By Jean-Christophe Lacour, Head of Merchant Services, Amadeus Payments

The deadline for Strong Customer Authentication (SCA) is fast approaching. The vast majority of intra-European Economic Area (EEA) electronic payments above €30 will

require two-factor authentication (2FA) from the 14 September.

There are 2 obvious main concerns: either you’re compliant as a merchant and your conversion rates will suffer as a result of the 2FA-induced more onerous payment

experience on your customers OR you’re not compliant and you risk your transactions being declined by issuers. Such concerns are common across all areas of commerce,

but particularly pertinent for the travel industry.

The two trillion Dollar travel industry relies on electronic commerce and is significantly more complex than most. This explains why the European Association of Payment Services Providers recently called for a 36 month SCA grace period in travel, compared to the 18 months requested for other industries.

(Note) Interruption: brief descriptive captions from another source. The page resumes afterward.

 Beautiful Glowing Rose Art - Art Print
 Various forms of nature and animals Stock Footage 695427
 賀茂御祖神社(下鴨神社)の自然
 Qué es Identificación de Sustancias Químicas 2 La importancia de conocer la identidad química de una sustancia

In travel, for example, ‘Multi-merchant’ situations are common, whereby an agent sells multiple products from multiple merchants to create a single holiday or trip. It’s currently unclear how authentication should be undertaken, perhaps it is only needed once for all products with the authentication re-used across all merchants? Or, it is possible that the letter of the SCA requirements will mean authentication needs to occur multiple times (risking a really poor customer experience).

At Amadeus, our systems handle approximately 44% of the world’s airline bookings made by travel agencies, and we also support many direct channels, so we’re ‘in the thick of it’ when it comes to enabling SCA.

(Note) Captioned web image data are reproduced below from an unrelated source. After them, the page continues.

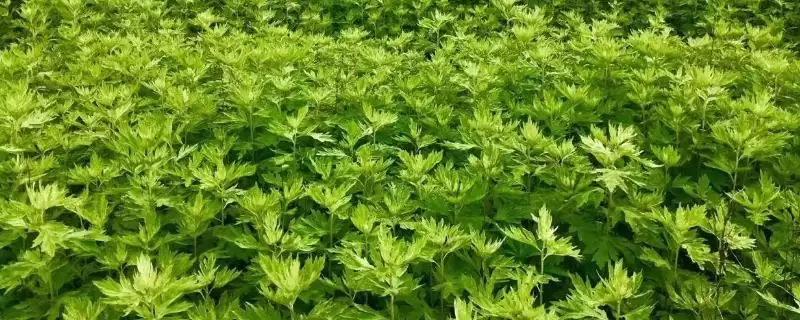 种植艾草的流程和要点？种植艾草需把控哪些关键环节？-会东网
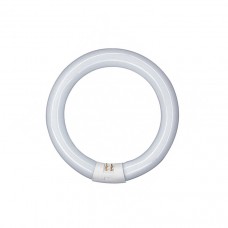 Tubo LED circular G10q 300mm 20W Blanco Frío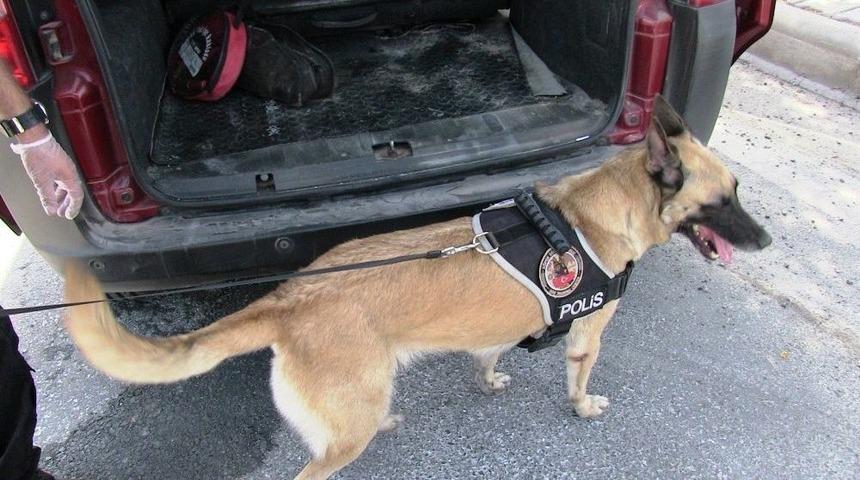 Ayakkabıdan Bonzai &Ccedil;ıktı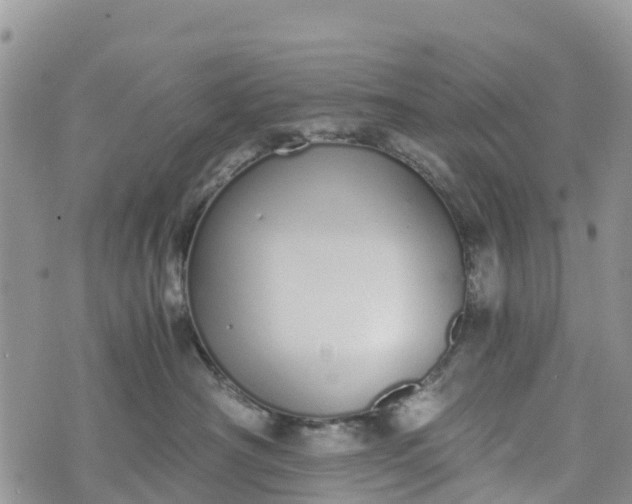 X0000073450430200608111355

We’ve been working on this challenge for two years in collaboration with our partners such as Visa and their fraud management specialist CyberSource and authentication specialist Cardinal Commerce. Helping travel merchants become SCA-ready across all channels remains our goal, with application of the 3D Secure protocol at the heart of our approach. Direct channels have a relatively simple fix, with web plug-ins. Indirect channels have taken greater effort, with a mix of 3DS 1.0 and 3DS 2.1 applied.

What’s really important for merchants, their acquirers and PSP partners is putting the right foundations in place now to benefit from the various exemptions afforded by SCA, reducing the need for systematic 2FA and therefore allowing merchants to comply whilst preserving the all-important conversion rate. Having the data exchange, analysis and insight capabilities to exempt based on transaction risk analysis, for example, offers significant promise. Our number one observation, however, is just how complex this area is and the need to start taking action now by implementing a 3DS and testing it. To play ostrich by hoping the grace period will move the goal post by 18-36 months is a very risky approach.